Thank you Alvaro for the comment (on my comment).
At Fri, 13 Dec 2019 18:33:44 -0300, Alvaro Herrera <alvherre@2ndquadrant.com> wrote in
> On 2019-Dec-13, Kyotaro Horiguchi wrote:
>
> > At Thu, 12 Dec 2019 22:50:20 +0000, "Bossart, Nathan" <bossartn@amazon.com> wrote in
>
> > > The crux of the issue seems to be that XLogWrite() does not wait for
> > > the entire record to be written to disk before creating the ".ready"

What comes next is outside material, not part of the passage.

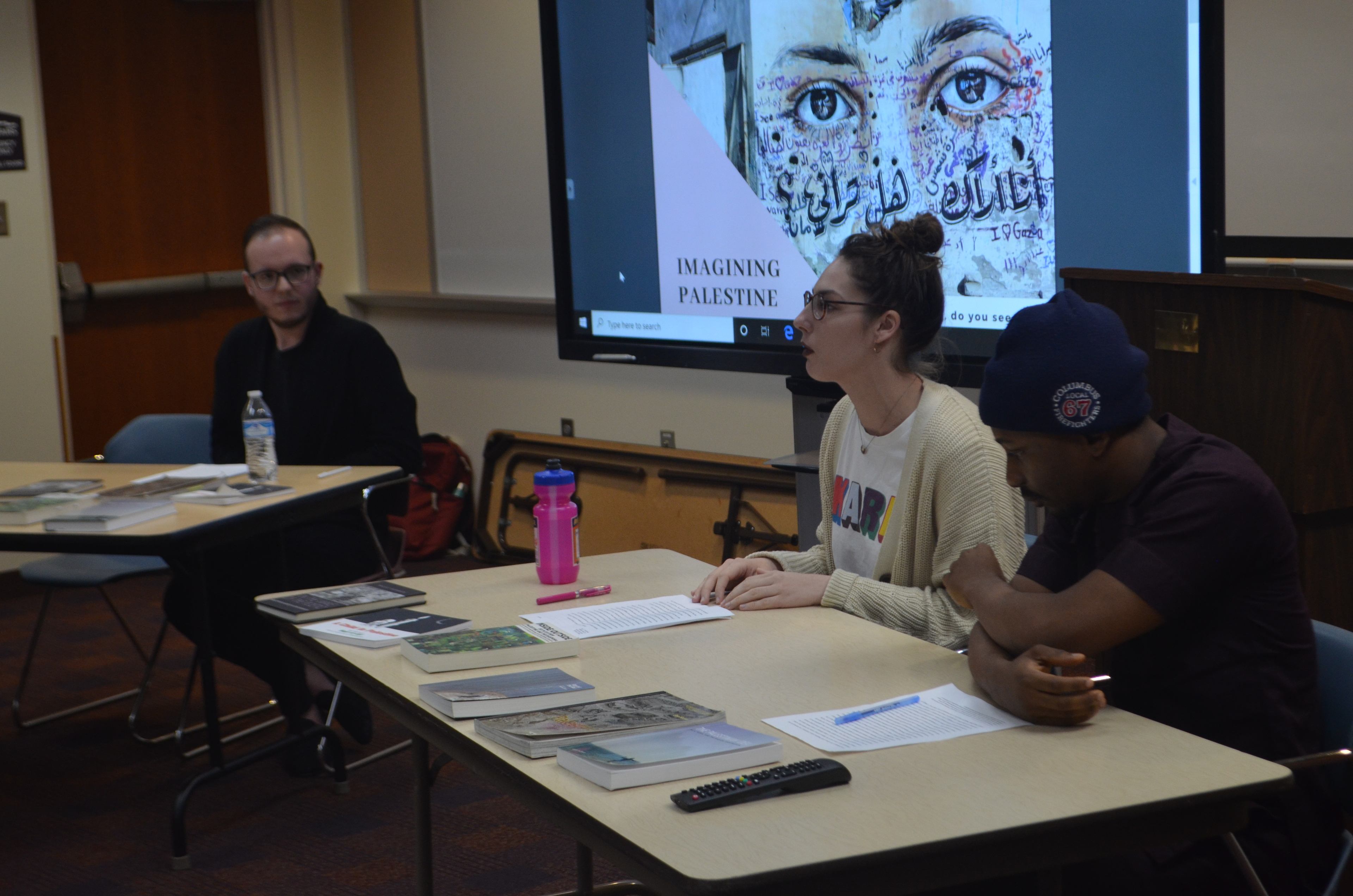 Harry Olafsen, Emily Edwards, and Michael Oshindoro Presenting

> > > file. Instead, it just waits for the last page of the segment to be
> > > written before notifying the archiver. If PostgreSQL crashes before
> > > it is able to write the rest of the record, it will end up reusing the
> > > ".ready" segment at the end of crash recovery. In the meantime, the
> > > archiver process may have already processed the old version of the
> > > segment.
> >
> > Year, that can happen if the server restarted after the crash.
>
> ... which is the normal way to run things, no?
Yes. In older version (< 10), the default value for wal_level was
minimal. In 10, the default only for wal_level was changed to
replica. Still I'm not sure if restart_after_crash can be recommended
for streaming replcation...
> Why is it bad? It's the default value.
I reconsider it more deeply. And concluded that's not harm replication
as I thought.
WAL-buffer overflow may write partial continuation record and it can
be flushed immediately. That made me misunderstood that standby can
receive only the first half of a continuation record. Actually, that
write doesn't advance LogwrtResult.Flush. So standby doesn't receive a
split record on page boundary. (The cases where crashed mater is used
as new standby as-is might contaminate my thought..)
Sorry for the bogus comment. My conclusion here is that
restart_after_crash doesn't seem to harm standby immediately.
> > The standby can be incosistent at the time of master crash, so it
> > should be fixed using pg_rewind or should be recreated from a base
> > backup.
>
> Surely the master will just come up and replay its WAL, and there should
> be no inconsistency.
>
> You seem to be thinking that a standby is promoted immediately on crash
> of the master, but this is not a given.
Basically no, but it might be mixed a bit. Anyway returning to the
porposal, I think that XLogWrite can be called during at
WAL-buffer-full and it can go into the last page in a segment. The
proposed patch doesn't work since the XLogWrite call didn't write the
whole continuation record. But I'm not sure that corner-case is worth
amendint..
regards.
--
Kyotaro Horiguchi
NTT Open Source Software Center